* Data for processing
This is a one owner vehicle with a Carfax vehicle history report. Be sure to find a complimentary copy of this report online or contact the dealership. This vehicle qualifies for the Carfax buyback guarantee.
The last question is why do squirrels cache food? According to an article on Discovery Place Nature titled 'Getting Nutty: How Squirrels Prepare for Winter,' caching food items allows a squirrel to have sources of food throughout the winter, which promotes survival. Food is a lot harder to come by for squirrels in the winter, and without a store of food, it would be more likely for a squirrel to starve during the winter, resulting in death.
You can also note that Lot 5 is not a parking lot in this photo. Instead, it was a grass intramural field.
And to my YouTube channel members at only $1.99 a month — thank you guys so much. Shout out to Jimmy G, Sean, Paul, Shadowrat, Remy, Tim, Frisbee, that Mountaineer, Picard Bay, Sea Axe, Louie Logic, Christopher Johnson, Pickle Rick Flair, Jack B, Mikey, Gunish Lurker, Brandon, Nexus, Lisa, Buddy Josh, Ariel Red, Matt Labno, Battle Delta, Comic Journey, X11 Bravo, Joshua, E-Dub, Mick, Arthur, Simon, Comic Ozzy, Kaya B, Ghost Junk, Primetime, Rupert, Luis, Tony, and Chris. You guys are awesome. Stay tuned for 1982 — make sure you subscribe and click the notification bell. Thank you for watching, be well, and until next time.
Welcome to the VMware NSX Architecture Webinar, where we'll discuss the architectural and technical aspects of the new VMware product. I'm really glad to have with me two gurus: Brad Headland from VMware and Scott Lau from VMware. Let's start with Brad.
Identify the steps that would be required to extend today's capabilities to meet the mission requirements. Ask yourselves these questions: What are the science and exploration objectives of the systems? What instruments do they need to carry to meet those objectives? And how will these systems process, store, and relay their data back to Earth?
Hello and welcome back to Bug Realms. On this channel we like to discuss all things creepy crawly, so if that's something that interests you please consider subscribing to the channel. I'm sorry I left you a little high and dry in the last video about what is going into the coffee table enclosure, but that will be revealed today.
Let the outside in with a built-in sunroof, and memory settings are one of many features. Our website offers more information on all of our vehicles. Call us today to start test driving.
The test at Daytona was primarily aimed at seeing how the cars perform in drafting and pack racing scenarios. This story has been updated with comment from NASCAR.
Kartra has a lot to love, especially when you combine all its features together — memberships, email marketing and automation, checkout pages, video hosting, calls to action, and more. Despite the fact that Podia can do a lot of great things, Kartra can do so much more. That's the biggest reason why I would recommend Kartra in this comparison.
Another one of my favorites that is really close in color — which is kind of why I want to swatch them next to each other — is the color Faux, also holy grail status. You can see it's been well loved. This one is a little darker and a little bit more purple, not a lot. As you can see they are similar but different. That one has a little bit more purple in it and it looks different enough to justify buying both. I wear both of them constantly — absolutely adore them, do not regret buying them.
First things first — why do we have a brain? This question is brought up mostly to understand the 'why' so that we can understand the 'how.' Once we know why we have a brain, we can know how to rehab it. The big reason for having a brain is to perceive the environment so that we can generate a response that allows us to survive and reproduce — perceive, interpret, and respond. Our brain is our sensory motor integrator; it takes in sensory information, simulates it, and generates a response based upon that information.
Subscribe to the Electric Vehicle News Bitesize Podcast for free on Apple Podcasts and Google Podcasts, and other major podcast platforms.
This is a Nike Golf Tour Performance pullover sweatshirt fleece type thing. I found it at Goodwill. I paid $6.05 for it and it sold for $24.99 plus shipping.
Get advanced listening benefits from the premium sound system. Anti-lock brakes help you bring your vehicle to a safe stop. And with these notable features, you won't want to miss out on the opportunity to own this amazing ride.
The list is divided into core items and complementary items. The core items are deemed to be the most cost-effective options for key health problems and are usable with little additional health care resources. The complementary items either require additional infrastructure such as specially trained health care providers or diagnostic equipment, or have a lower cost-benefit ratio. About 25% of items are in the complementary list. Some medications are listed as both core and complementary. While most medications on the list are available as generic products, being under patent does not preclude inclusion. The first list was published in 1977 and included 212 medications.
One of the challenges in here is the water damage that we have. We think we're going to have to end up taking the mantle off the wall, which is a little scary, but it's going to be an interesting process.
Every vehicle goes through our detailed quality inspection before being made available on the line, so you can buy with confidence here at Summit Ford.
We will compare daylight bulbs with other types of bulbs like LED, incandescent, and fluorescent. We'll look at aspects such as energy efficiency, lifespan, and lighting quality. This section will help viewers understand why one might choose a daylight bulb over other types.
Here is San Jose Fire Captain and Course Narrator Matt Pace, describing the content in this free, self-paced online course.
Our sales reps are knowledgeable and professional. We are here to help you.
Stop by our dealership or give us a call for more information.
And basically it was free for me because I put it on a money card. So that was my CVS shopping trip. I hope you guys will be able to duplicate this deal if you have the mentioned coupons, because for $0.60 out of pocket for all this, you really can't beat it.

* Task to complete
Retype exactly the span of lines from the one with "One of the challenges" through the one with "Here is San"; include both ends and omit the rest of the material.

* Completed exercise
One of the challenges in here is the water damage that we have. We think we're going to have to end up taking the mantle off the wall, which is a little scary, but it's going to be an interesting process.
Every vehicle goes through our detailed quality inspection before being made available on the line, so you can buy with confidence here at Summit Ford.
We will compare daylight bulbs with other types of bulbs like LED, incandescent, and fluorescent. We'll look at aspects such as energy efficiency, lifespan, and lighting quality. This section will help viewers understand why one might choose a daylight bulb over other types.
Here is San Jose Fire Captain and Course Narrator Matt Pace, describing the content in this free, self-paced online course.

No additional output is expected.